### RECORDS SHOWN
= = = = =

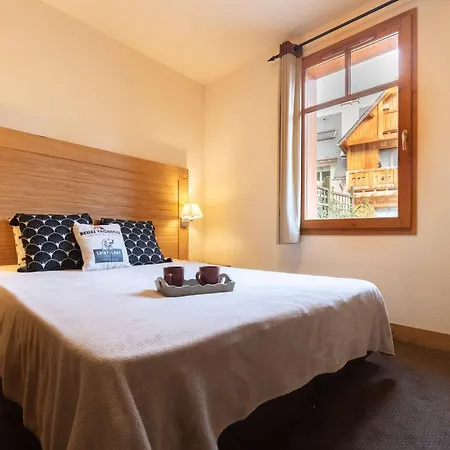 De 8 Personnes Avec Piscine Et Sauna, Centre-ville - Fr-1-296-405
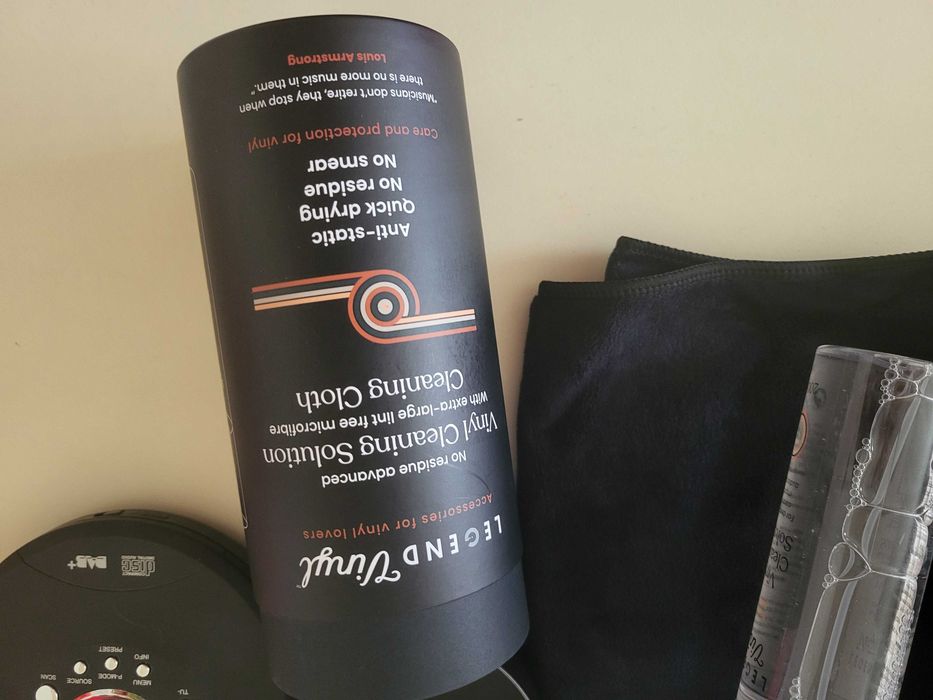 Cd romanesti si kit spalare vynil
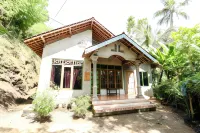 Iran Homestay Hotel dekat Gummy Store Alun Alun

= = = = =

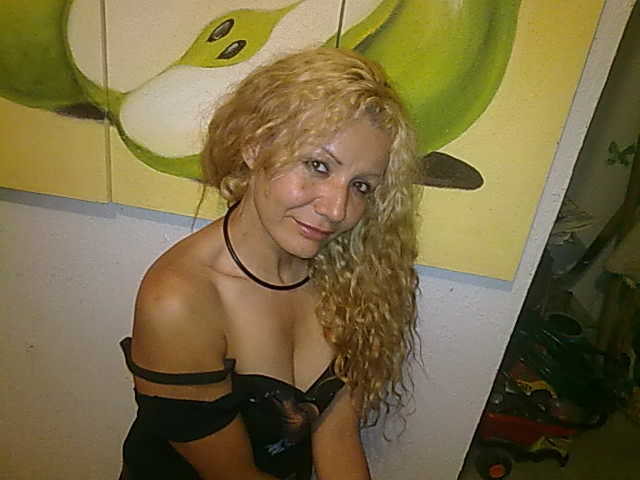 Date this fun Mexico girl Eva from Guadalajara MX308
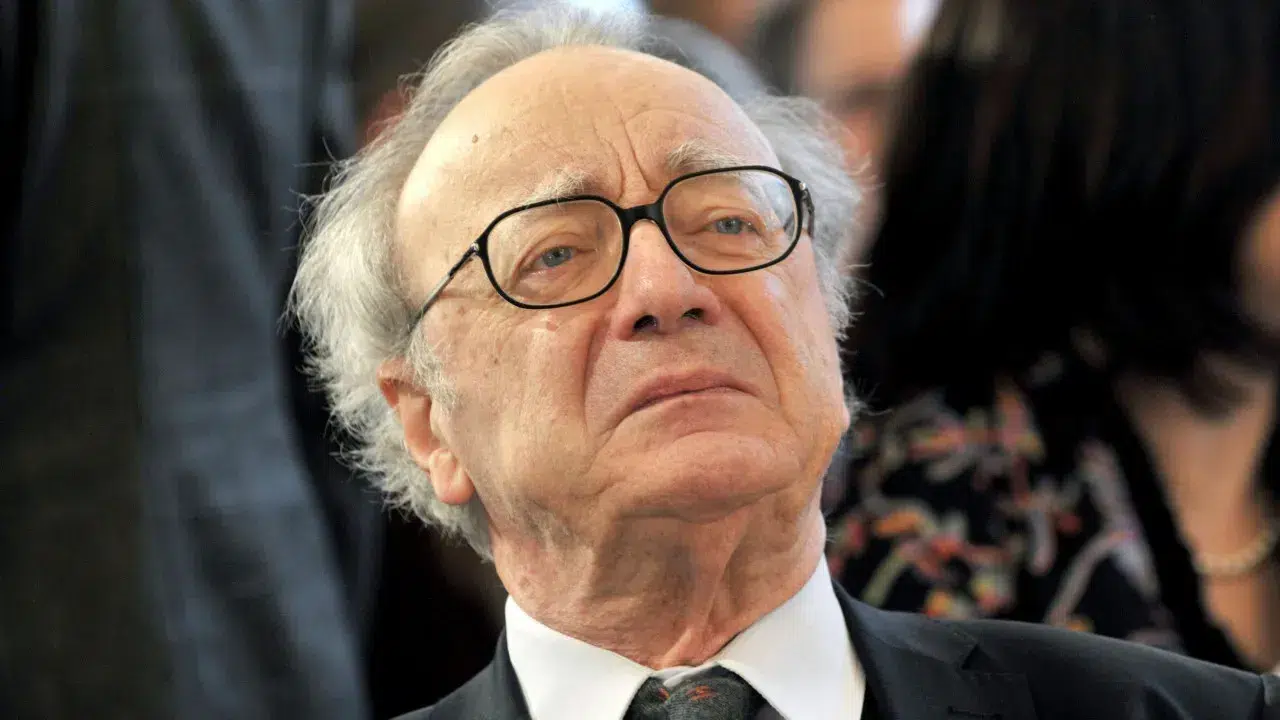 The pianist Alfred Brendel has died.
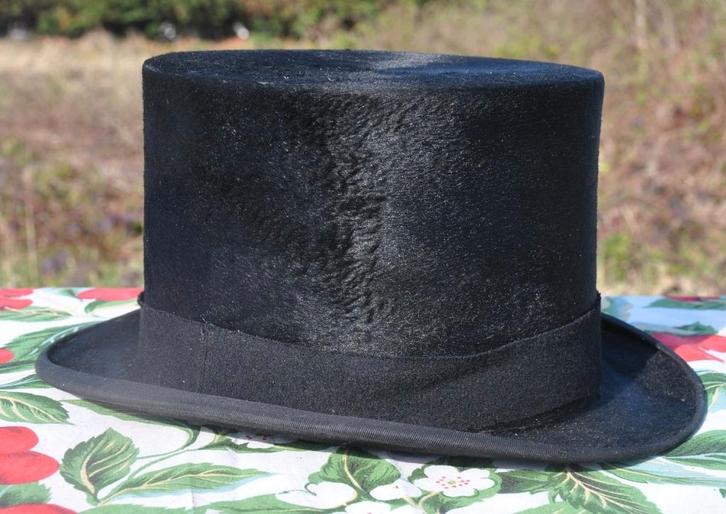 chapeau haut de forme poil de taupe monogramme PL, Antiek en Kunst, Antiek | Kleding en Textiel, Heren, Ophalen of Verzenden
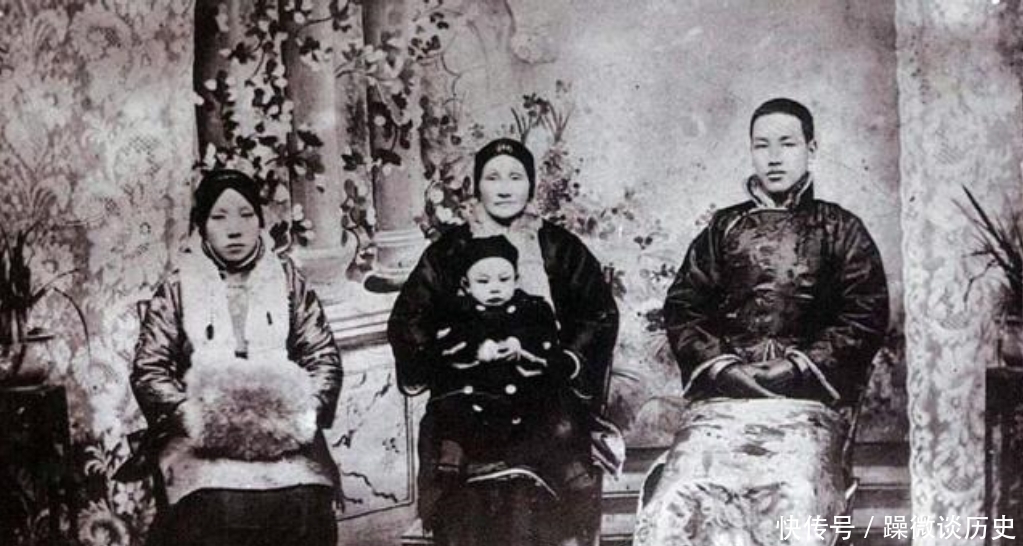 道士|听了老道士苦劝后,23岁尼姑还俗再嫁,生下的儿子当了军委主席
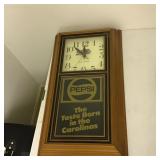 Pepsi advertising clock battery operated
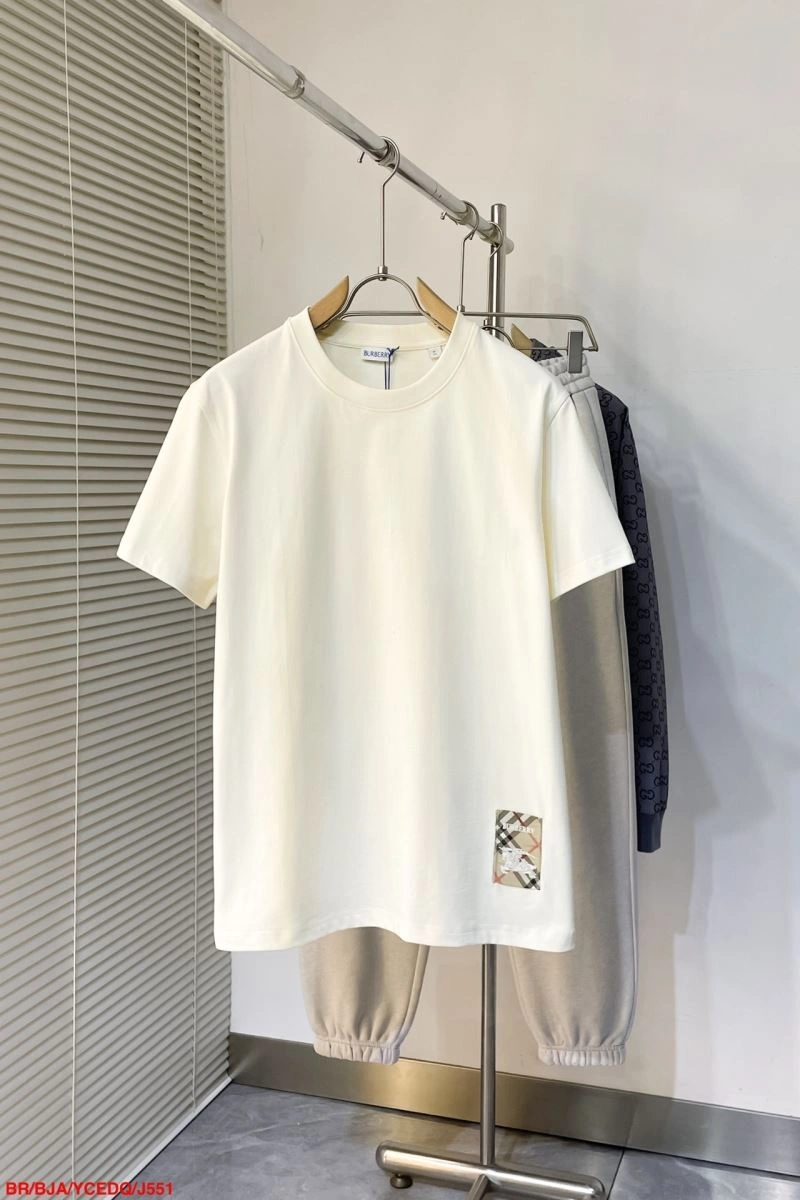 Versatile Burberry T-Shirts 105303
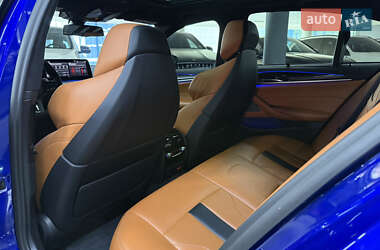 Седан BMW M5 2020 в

= = = = =

### GOAL OF THE EXERCISE
Once the line with "道士|听了老道士苦劝后,23岁尼姑还俗再嫁,生下的儿子当了军委主席" is found above, print it and every line after it through the line with "Седан BMW M5 2020 в", exactly. Pictures stay out.

### SOLUTION
 道士|听了老道士苦劝后,23岁尼姑还俗再嫁,生下的儿子当了军委主席
 Pepsi advertising clock battery operated
 Versatile Burberry T-Shirts 105303
 Седан BMW M5 2020 в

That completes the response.